I read a blog post recently about requiring children to participate in hobbies that the parent enjoys. This particular parent has three boys she requires to do work in her gardening. I am not talking about basic trimming and weeding here. They are doing the big stuff: mulching, composting, and moving rocks. They are all pretty small; none is a teen yet. She believes it is valuable for them to have to learn to do something whether they like it or not.
Sure, I buy into that argument when it comes to chores. I hate doing the laundry, but alas, it piles up every week. Still this article bothered me more as I thought about it later. She is not getting her kids to do the hard stuff because she wants to teach them. They are doing it because she loves the essence of gardening but wants to parcel out (without paying for) the hard work! That does not seem fair. Nor does it seem like it will make the kids ever appreciate gardening.
Parents should set some strict guidelines with themselves when they are requiring the kiddos to participate in something that the parent enjoys. First I think that there should be a definite no-no on making the kids do things that they find dangerous, particularly when they are right. I have seen children afraid to get into canoes but their parents happily forcing them along, and I have seen kids terrified at pyrotechnic shows while the parents are cooing at how wonderful it all is.
I think that anytime a child presents with a major fear of an event or activity, it is time to hold off. That does not mean that you never try again or that you do not just go elsewhere to try to calm the little one down. It does mean, however, that you should give the kids some space to try to grow into the activity.
When it comes not to fear but to lack of interest or desire to work on a hobby the parent has, I think the kids have some legitimate gripes here. Let us return to the gardening example. There are some tasks in the garden that every family member should help with, regardless of the interest. Vegetable gardens are an example. Everyone will be eating from them, so everyone should help out in the planting, tending, and harvesting. I can even go along with making the kids help with landscaping tasks, such as trimming back shrubs and mowing the lawn. Those tasks are maintenance and not hobby.
I think you have to draw the line when it comes to forcing them to do the grunt work because you want a beautiful flowerbed. If you like the annuals, then you hop on out there and plant them. The children should not have to endure your interest in planting 5,000 tulip bulbs. It simply is not fair.

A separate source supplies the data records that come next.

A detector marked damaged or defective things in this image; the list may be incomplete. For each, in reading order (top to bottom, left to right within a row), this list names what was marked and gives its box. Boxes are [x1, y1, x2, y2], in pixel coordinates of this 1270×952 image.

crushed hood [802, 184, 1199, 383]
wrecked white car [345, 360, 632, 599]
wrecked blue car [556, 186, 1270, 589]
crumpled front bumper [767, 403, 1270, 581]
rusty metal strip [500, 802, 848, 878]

What really bothers me, and I think is the third rule of kids and hobbies is that children should not have to do the dirty work while the parent supervises. Many parents have this problem in that they want to make the children pick up after everyone is done. The parents, though, want to sit back and relax. My mother was like that with cleaning out the car, which is hardly a hobby unless you consider how important cleanliness was to her. She would make us get everything out and put it away although everything was not for us.

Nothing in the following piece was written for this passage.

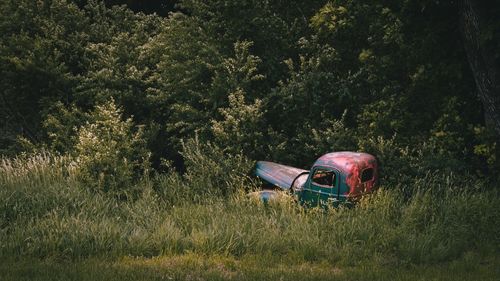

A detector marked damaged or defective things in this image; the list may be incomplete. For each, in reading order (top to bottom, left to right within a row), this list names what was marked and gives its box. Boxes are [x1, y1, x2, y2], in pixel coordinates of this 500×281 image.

abandoned vintage truck [254, 151, 378, 206]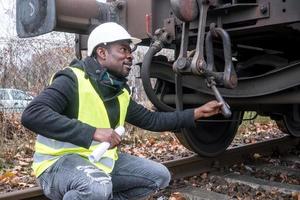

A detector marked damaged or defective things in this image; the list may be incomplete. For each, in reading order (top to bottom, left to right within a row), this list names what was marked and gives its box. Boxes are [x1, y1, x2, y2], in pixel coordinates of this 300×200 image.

rusty metal component [171, 0, 199, 22]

If you want to have a hobby, that is great. If your children want to participate, that is even better. Make it a family affair. I have absolutely no problem with introducing children to your hobbies. In fact, our children are introduced to ours by default. Even at the tender age of 23 months, my son recognizes a computer anywhere and will head over and start pecking. He learned this love from my husband, but it is never something that we would force on him. Of course, my husband loves that our son is fascinated by the same things, but he would not be upset were it not the case. You should be the same with your children. Appreciate the shared connection but only if it is there.